# Shameless Plug



## Sasquatch (Dec 12, 2014)

Just wanted to let everyone know Denton and I are revamping the show. We are working on a new format and some new segments. It'll be a few weeks before we are ready to relaunch the show but we WILL be doing shows in the meantime. If there is anything you like or hate about the show feel free to let us know in this thread so we can add and delete as necessary. If you think we rant too much or whatever let us know, we can handle it.

Also, if you're not aware we have a show website now where we post articles on all sorts of topics.

My latest article is called _Cowboys vs. Aliens_. If you'd like to give it a read you can find it below in the link.

Cowboys vs. Aliens ? Denton and Sasquatch


----------



## sideKahr (Oct 15, 2014)

My opinion is still that they are too long. 45 minutes or so would be better. I've caught a lot of the casts; they are generally interesting enough that I keep returning. But I usually listen while doing a small task, and if I'm done before the show is, chances are I won't finish it.

I hope you keep "News of the weird".


----------



## Sasquatch (Dec 12, 2014)

sideKahr said:


> My opinion is still that they are too long. 45 minutes or so would be better. I've caught a lot of the casts; they are generally interesting enough that I keep returning. But I usually listen while doing a small task, and if I'm done before the show is, chances are I won't finish it.
> 
> I hope you keep "News of the weird".


Exactly what we need to know. We have been keeping the last few a little shorter. This is one of the changes we had in mind. Thanks for your candor!


----------



## Prepared One (Nov 5, 2014)

I generally like the shows although they could be a little shorter. Time has been my enemy here lately so I have missed the last couple.


----------



## A Watchman (Sep 14, 2015)

My thoughts:

I think you two guys are great, but the two anchors on your podcasts are idiots .... they gotta go!
Denton's ranting is a must, its classic and why he is our fav jackbooted thug.
Squatch's candor and humor brings great balance.
Keep the length to 30 -40 minutes. My attention span is mimicking my memory, here of late.
Glad your planning on mixing things up a bit, don't get too predictable.
What happened to Slip's weekly sports updates; like the weekly overpaid dipwad of the week and of course, the NASCAR "racer while rubbin" of the week?


----------



## Denton (Sep 18, 2012)

A Watchman said:


> My thoughts:
> 
> I think you two guys are great, but the two anchors on your podcasts are idiots .... they gotta go!
> Denton's ranting is a must, its classic and why he is our fav jackbooted thug.
> ...


I'm in total agreement with you on the length. I rarely listen to a YT that is over 30 minutes and stop once I get the gist of it.
Interesting ideas you have!


----------



## Inor (Mar 22, 2013)

The only changes I can think of is for both of you to do the show entirely using FM radio "disc jockey" voices and to have a weekly $1000 "call-in" giveaway that is awarded to a caller named "Inor" every week.


----------



## Deebo (Oct 27, 2012)

why no video?
Why no Deebo?


----------



## Sasquatch (Dec 12, 2014)

Deebo said:


> why no video?
> Why no Deebo?


You have a good internet connection, microphone and skype you can be on the show.

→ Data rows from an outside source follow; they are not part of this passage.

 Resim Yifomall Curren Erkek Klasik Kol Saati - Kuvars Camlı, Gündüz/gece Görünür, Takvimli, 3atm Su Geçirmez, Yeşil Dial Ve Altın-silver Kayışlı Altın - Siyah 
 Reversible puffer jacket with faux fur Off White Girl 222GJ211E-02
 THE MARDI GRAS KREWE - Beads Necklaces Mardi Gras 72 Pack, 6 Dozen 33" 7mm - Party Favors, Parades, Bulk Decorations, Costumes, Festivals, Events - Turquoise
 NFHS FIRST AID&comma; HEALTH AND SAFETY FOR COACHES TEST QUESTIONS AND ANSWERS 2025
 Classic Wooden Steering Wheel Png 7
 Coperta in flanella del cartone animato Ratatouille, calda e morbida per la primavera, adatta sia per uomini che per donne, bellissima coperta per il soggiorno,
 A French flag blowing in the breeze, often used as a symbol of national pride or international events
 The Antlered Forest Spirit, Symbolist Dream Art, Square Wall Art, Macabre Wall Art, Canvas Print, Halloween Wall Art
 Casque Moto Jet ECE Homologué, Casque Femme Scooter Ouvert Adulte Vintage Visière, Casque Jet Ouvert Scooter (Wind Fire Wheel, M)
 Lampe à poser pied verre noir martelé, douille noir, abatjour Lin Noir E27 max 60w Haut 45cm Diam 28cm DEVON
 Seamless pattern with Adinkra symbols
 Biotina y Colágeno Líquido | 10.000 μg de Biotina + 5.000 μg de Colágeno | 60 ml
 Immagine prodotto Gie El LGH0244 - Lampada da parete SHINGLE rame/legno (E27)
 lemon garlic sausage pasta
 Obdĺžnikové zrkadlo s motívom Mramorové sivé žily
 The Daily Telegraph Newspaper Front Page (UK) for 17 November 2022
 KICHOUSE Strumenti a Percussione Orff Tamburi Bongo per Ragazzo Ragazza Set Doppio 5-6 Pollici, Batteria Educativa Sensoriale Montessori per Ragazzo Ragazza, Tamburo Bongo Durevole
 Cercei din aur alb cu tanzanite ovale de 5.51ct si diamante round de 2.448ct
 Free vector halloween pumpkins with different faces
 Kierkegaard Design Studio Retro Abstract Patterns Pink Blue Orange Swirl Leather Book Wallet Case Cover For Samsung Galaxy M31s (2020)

Sent from my SM-G900V using Tapatalk


----------



## Deebo (Oct 27, 2012)

Sasquatch said:


> You have a good internet connection, microphone and skype you can be on the show.
> 
> Sent from my SM-G900V using Tapatalk


I have all the above, but time is an issue right now.
One of these days, i would love too.


----------



## MountainGirl (Oct 29, 2017)

Sasquatch said:


> You have a good internet connection, microphone and skype you can be on the show.
> 
> Sent from my SM-G900V using Tapatalk


You guys Skype?? Betcha could record it and we could all watch ya being so clever!


----------



## A Watchman (Sep 14, 2015)

A Watchman said:


> My thoughts:
> 
> I think you two guys are great, but the two anchors on your podcasts are idiots .... they gotta go!
> Denton's ranting is a must, its classic and why he is our fav jackbooted thug.
> ...


I will also add a shameless plug for the website with the articles these two Patriots have written You should take the time to read both of their thoughtful reflections and observations and share in their insight I believe you will find the time spent well worth the effort (also if RJames can write Trump with out utilizing a capital T, by gosh I do not have to use periods after my sentences, at least until I get this key fixed on my keyboard that will not place periods in my posts!)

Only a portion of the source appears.